Work to be completed –
Pictures excluded, set down exactly the lines from the one containing "2025 BMW 4 Series M440i xDrive" through the final line of the material, and only those.

Data below –
=== Begin Enclosure ===
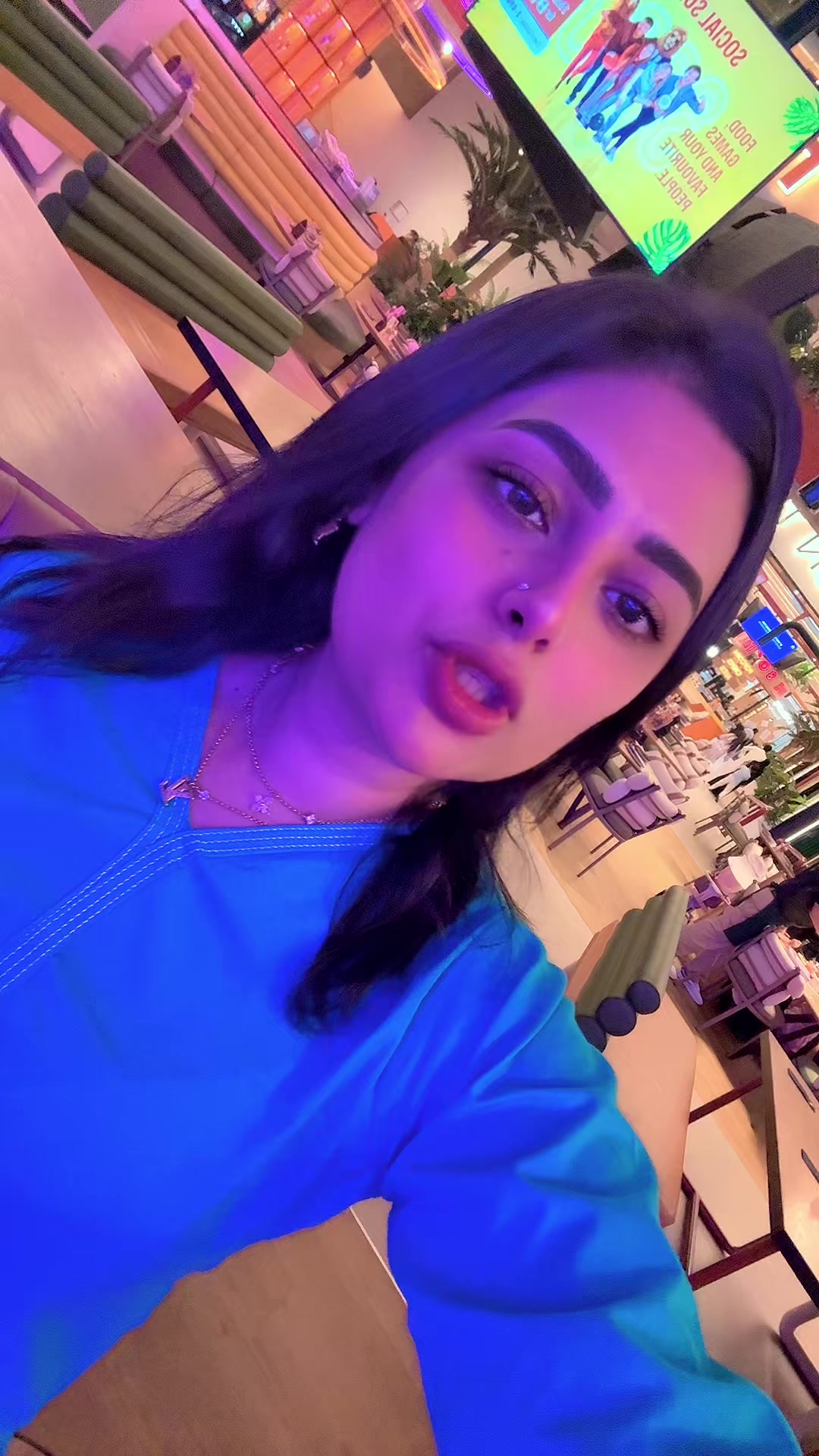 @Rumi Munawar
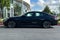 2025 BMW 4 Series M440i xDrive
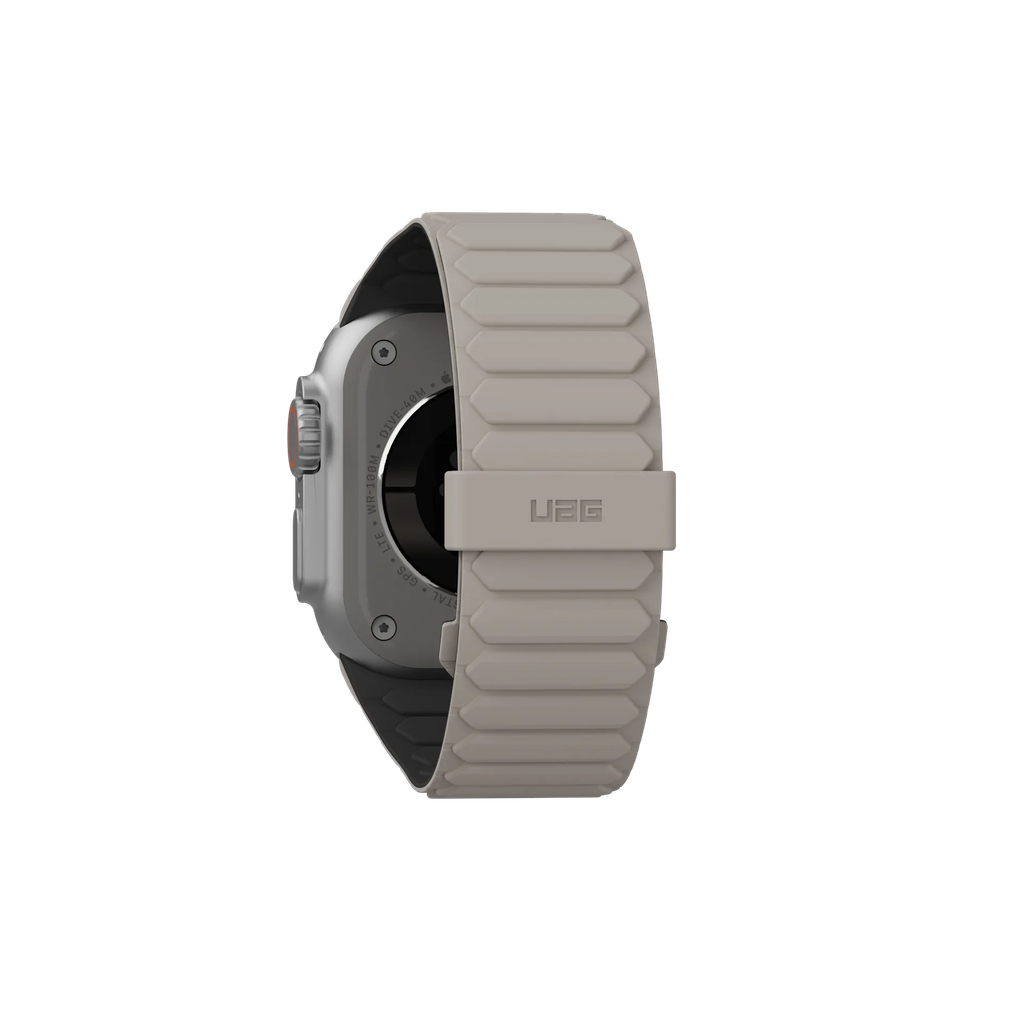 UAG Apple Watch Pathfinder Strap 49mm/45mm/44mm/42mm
=== End Enclosure ===
Task answer –
 2025 BMW 4 Series M440i xDrive
 UAG Apple Watch Pathfinder Strap 49mm/45mm/44mm/42mm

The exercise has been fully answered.